後の精力的な生涯からすれば意外なことに,ピカソは死産児として生まれています。
呼吸もせず動きもしない新生児のピカソはサンバの蘇生の試みもむなしく,生命の兆候を見せようとしませんでした。皆があきらめていたのを,父親の弟で医師のドン・サルバトールが葉巻の煙を赤ん坊の鼻に吹き込んだところ,顔をしかめ怒ったような泣き声で蘇生したといいます。
煙草の煙にむせながら怒りの産声を上げて地上に舞い降りた出生は,その後の彼の人生を暗示するかのようではあります。その蘇生した子に付けられた名前は,パブロ・ディエゴ・ホセ・フランシスコ・デ・パウラ・ファン・ネポムセーノ・マリア・デ・ロス・レメディオス・シプリアーノ・デ・ラ・サンティシマ・トリニダート・ルイス・イ・ピカソという長いもので,このうちパブロ・ディエゴ・ホセ・フランシスコ・デ・パウラ・ファン・ネポムセーノ・マリア・デ・ロス・レメディオス・シプリアーノ・デ・ラ・サンティシマ・トリニダートまでが洗礼名。パブロはその略です。最期のピカソは母方の姓で,父方の姓は,その前にあるルイスでした。

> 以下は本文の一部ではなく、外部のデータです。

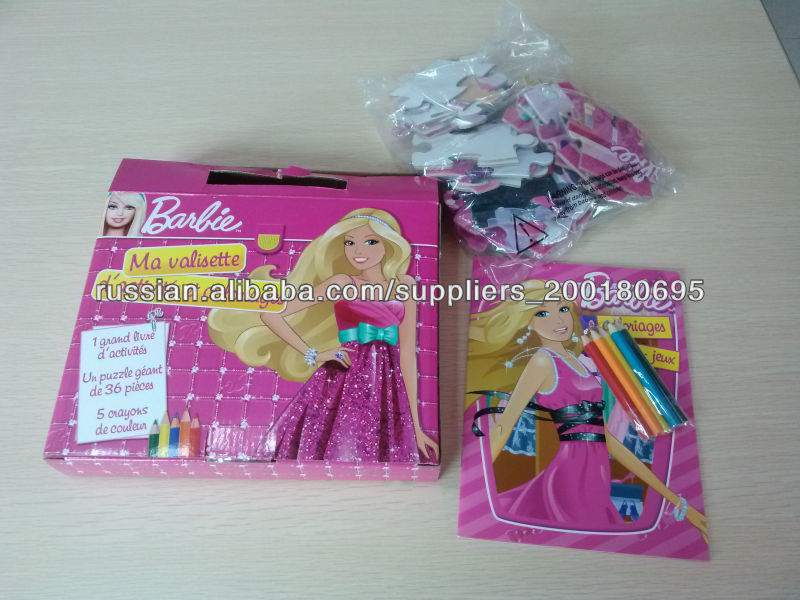 Горячая продажа Детский Барби головоломки с Книжка-раскраска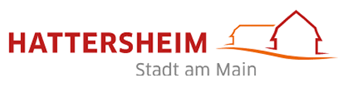 Logo von „Hattersheim“ in roter Schrift mit dem Slogan „Stadt am Main“ darunter und stilisierten Häusern als Symbol.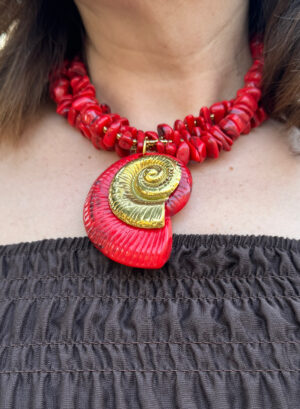 COLLAR CARACOLA - Rojo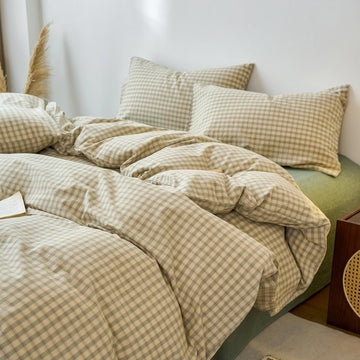 Green Gingham Duvet Cover Set 100% Washed Cotton Grid Duvet Cover Vintage Green Beige Plaid Checkered Bedding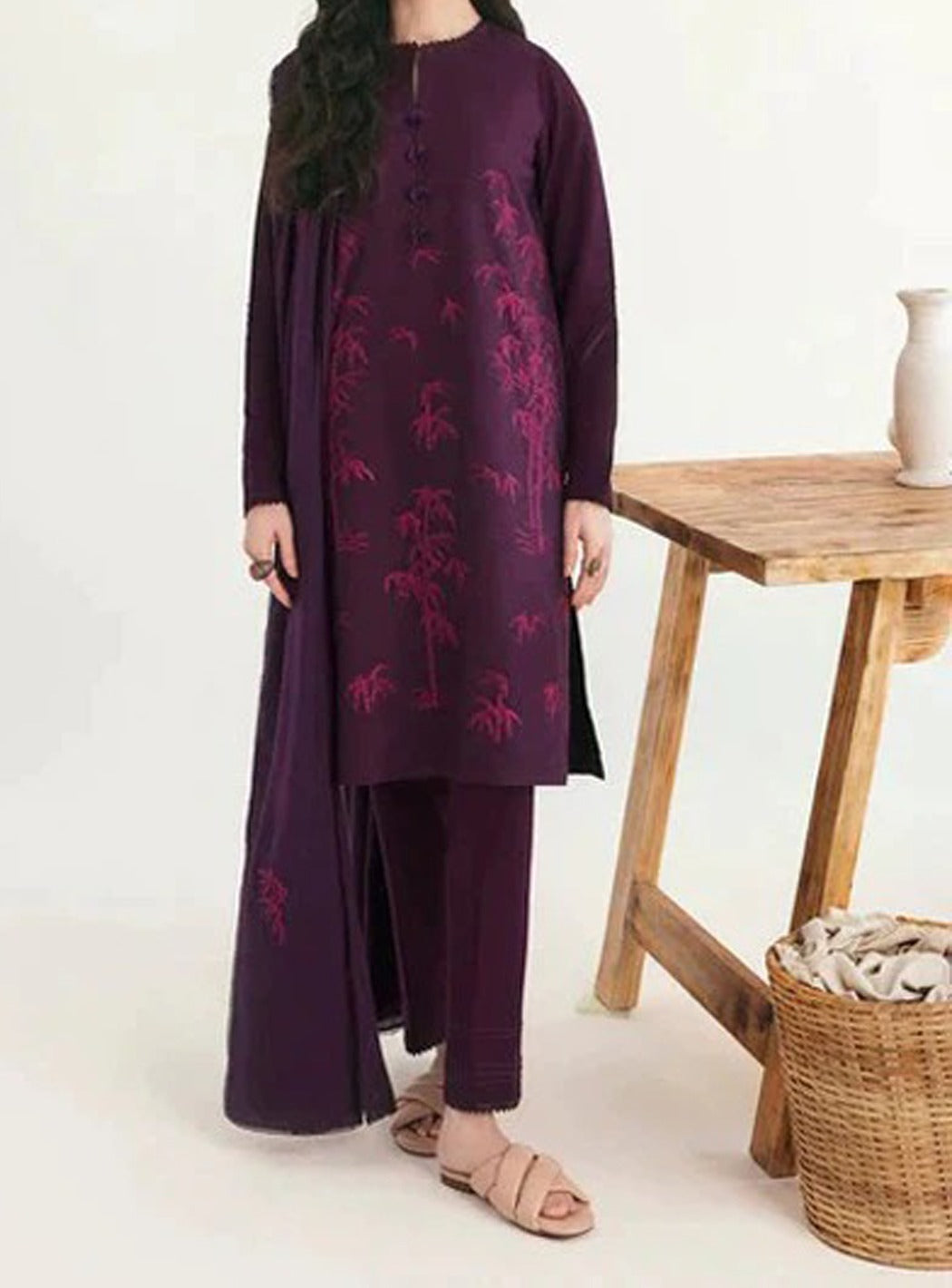 Grace W174 - Embroidered 3pc marina dress with embroidered marina shawl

スペインの命名は,聖人から先祖まで多くの名を連ねることが少なくありませんが,ここまで長い名はあまりありません。両親に待ち望まれていた男児だったせいで,これほど長大な名を授かることになったのでしょう。父の名はホセ・ルイス・ブラスコで,母の名はマリア・ピカソ・ロペスですから,彼の名は一族の中でも特別に長いものであったようです。